● **Material provided**:
[Start of Attachment]
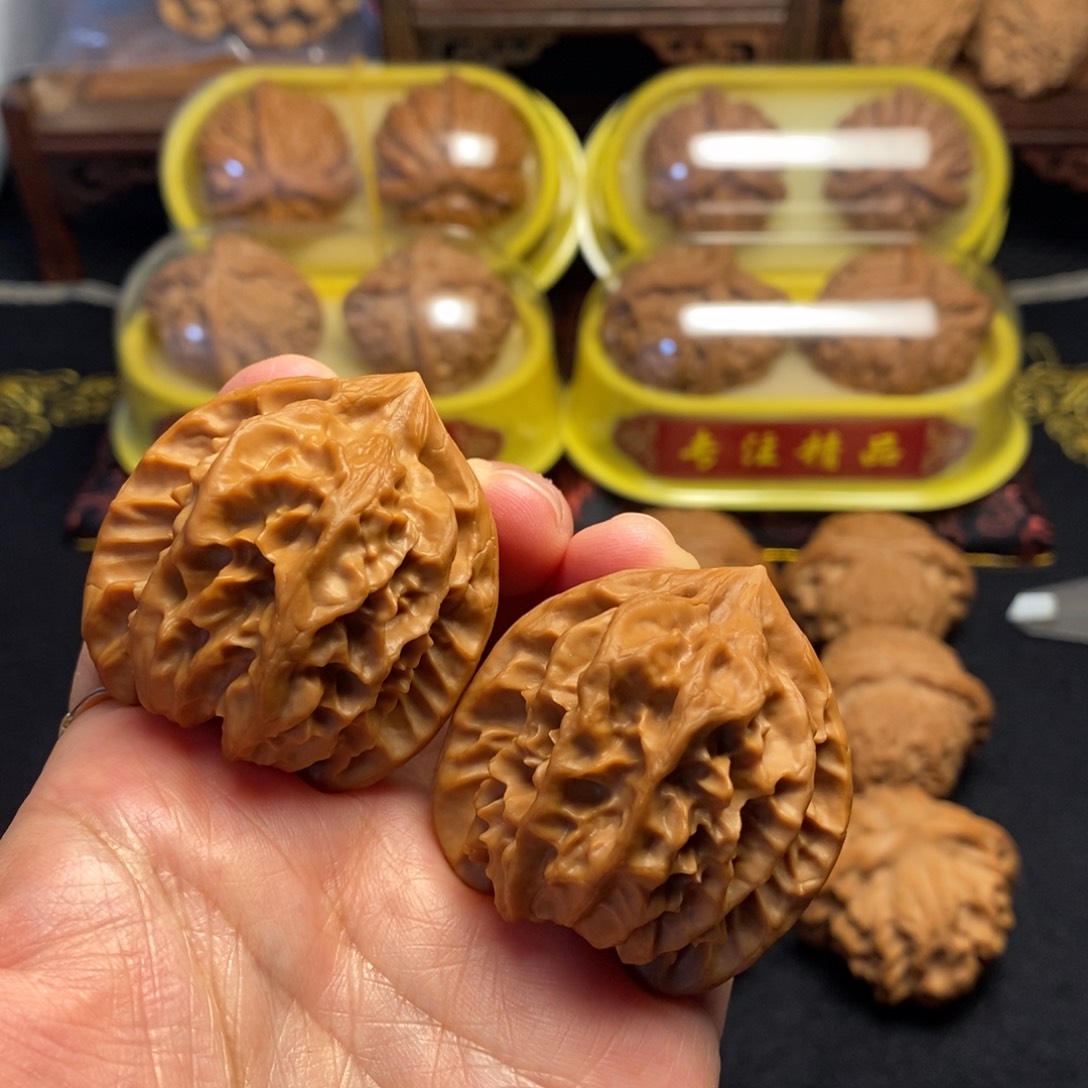 把件桃核大龙狮子头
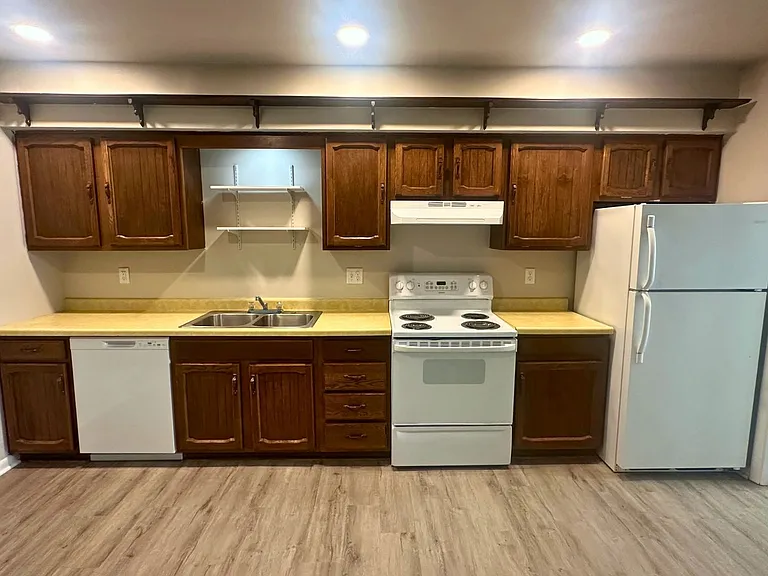 321 W Main St #B — Photo 11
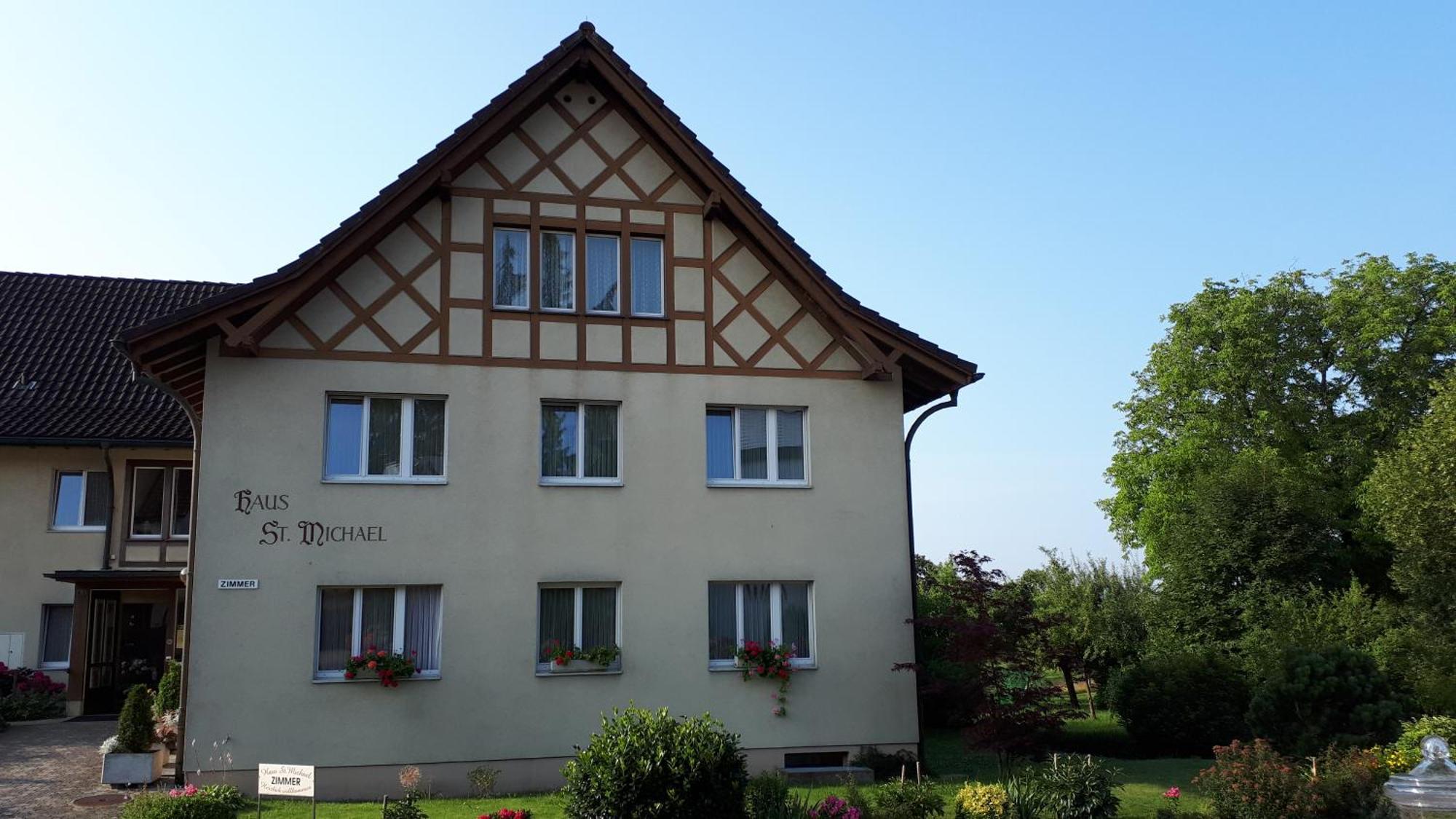 Hotel Haus St.Michael Dozwil Exteriér fotografie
[End of Attachment]
● **Task to complete**: Print the material exactly as given, but not the pictures.

● **Written response**:
 把件桃核大龙狮子头
 321 W Main St #B — Photo 11
 Hotel Haus St.Michael Dozwil Exteriér fotografie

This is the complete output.